I suppose if I were writing a sonnet about the Cornish Gilliflower, which I had the pleasure of tasting this week, I’d rhyme it with sour. Of course, I’d prefer to rhyme it with tart, but I wouldn’t know where to start. Ha.
In all seriousness, though, I think it makes sense to start this week’s picks with the Cornish Gilliflower since it’s my favorite for this last September haul. But as I venture farther and farther toward the sour side of the apple stand, I find I’m running out of adjectives. The Lemon Apple and the Cornish Gilliflower are both a little sour, but in different ways than the Pink Pearl or the Orange Pippin or the Calville Blanc d’Hiver.

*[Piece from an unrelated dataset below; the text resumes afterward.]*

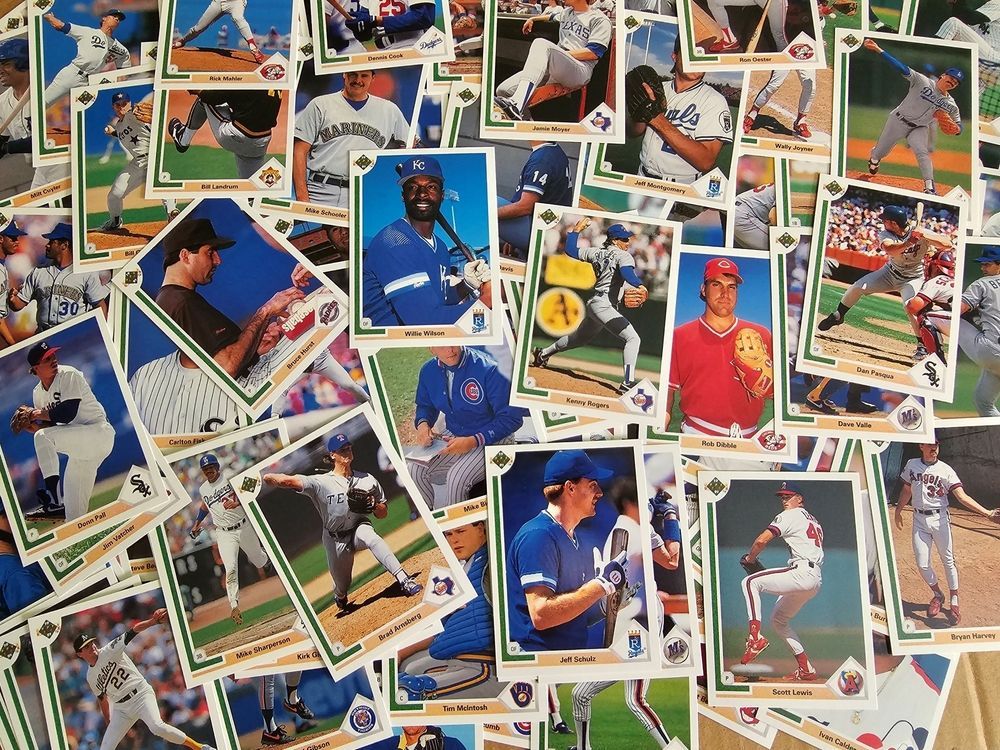 A bunch of baseball cards are stacked on top of each other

Let me try to differentiate a little. The Lemon Apple (a new one this week) is more like the classic sour apple. For me, that’s pleasant. It’s why I like Sour Patch Kids at movies. I don’t like the fact that they stick in your teeth, but I love the sour punch you get right when you put them in your mouth and they start to dissolve.
So I’ll go ahead and say the Lemon Apple is the closest thing I’ve had to a real life equivalent of the Sour Apple candy flavor you find in various permutations. It’s quite citrus-y, too, and its flesh is even slightly yellow. So the name really makes sense.

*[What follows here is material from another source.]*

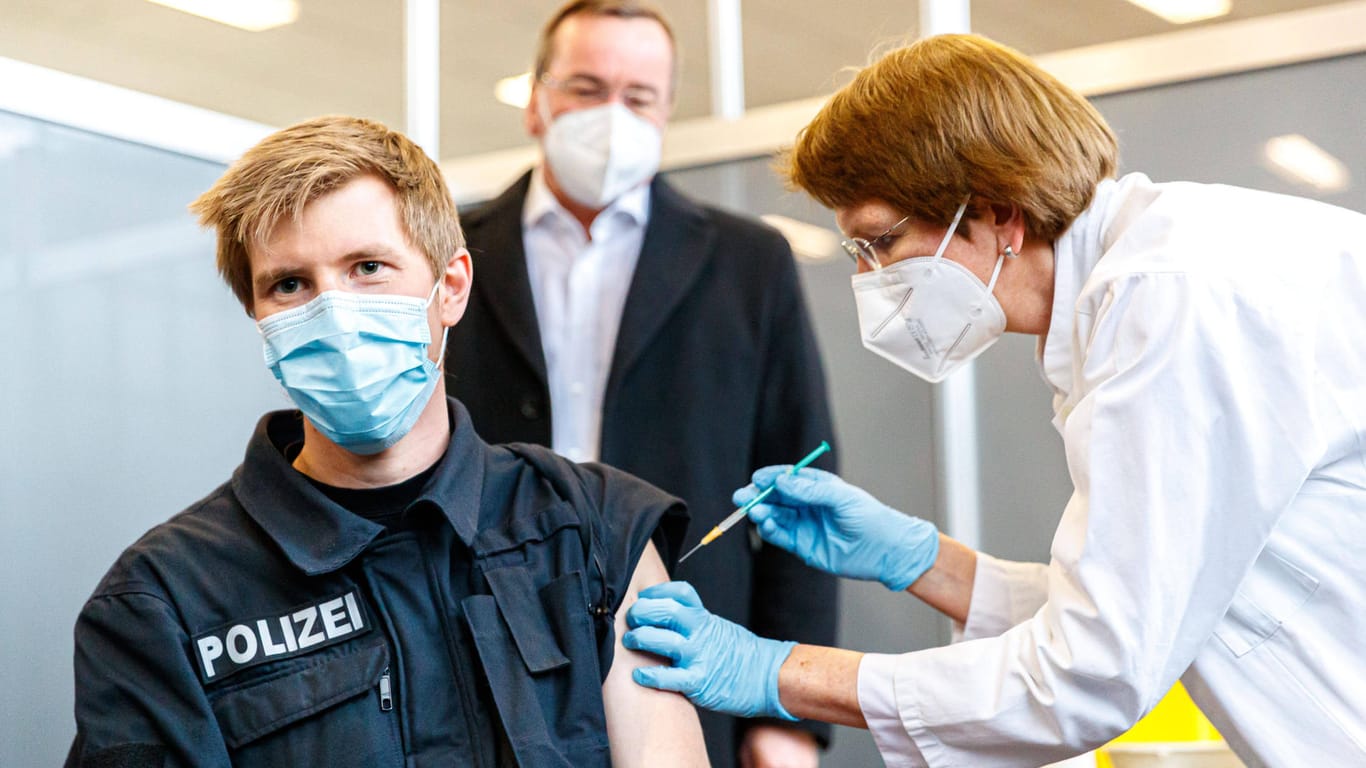 Ein Polizist erhält eine Corona-Impfung (Symbolbild): Polizeibeamte in Berlin können den Impfstoff wählen, den sie erhalten.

The Cornish Gilliflower is named because it’s supposed to have a slight scent of cloves, which in French is something like gillifle. I don’t know. I didn’t get a clove scent from it, but I did get a very pleasant tart apple taste when I bit into it. Have you ever had an apple cider that makes you pucker? The Cornish Gilliflower is really the closest I’ve come to having an actual apple that tastes like apple cider. It’s quality.
The two other winners for the week were macintosh derivatives. The Jonamac and the Macoun are both superb apples. The Jonamac is quite sugary; the Macoun is basically what a macintosh should be and can be. It’s the macintosh living up to its potential. But both apples have shapes and textures quite similar to actual macs, which, by the way, are still not quite perfect — a little too stubborn, still (stubborn is a descriptor I just made up and it simply means that the texture is hard and a little resistant, like the apple doesn’t want you to bite into it yet).
If sweet’s your thing, the Chenango Strawberry is toward the end of its harvest, but they’re a nice, sweet, mild apple. Nice fragrance; some say it’s rose-like. They’re also an oddly shaped apple, kind of like a football cut in half — and then while you’re at it, cut off the very tip, too.
The losers for the week were the Blenheim Orange (probably the prettiest apple at the stand, but with a taste a lot like a Golden delicious. I just can’t forgive the Deliciouses yet. They have some nice children, but I simply cannot trust the parents.) and the Cano Red (which I may be spelling wrong. The woman at the apple stand didn’t have her apple signs up yet. That’s how early I get there!).
I’ll give both of the losers another chance, but the Blenheim is just not the apple for me, I suspect, and the Cano Red is just not an eating apple. It might be good for baking, but that’s a different column.
Hell, let’s be honest. That’s a different columnist.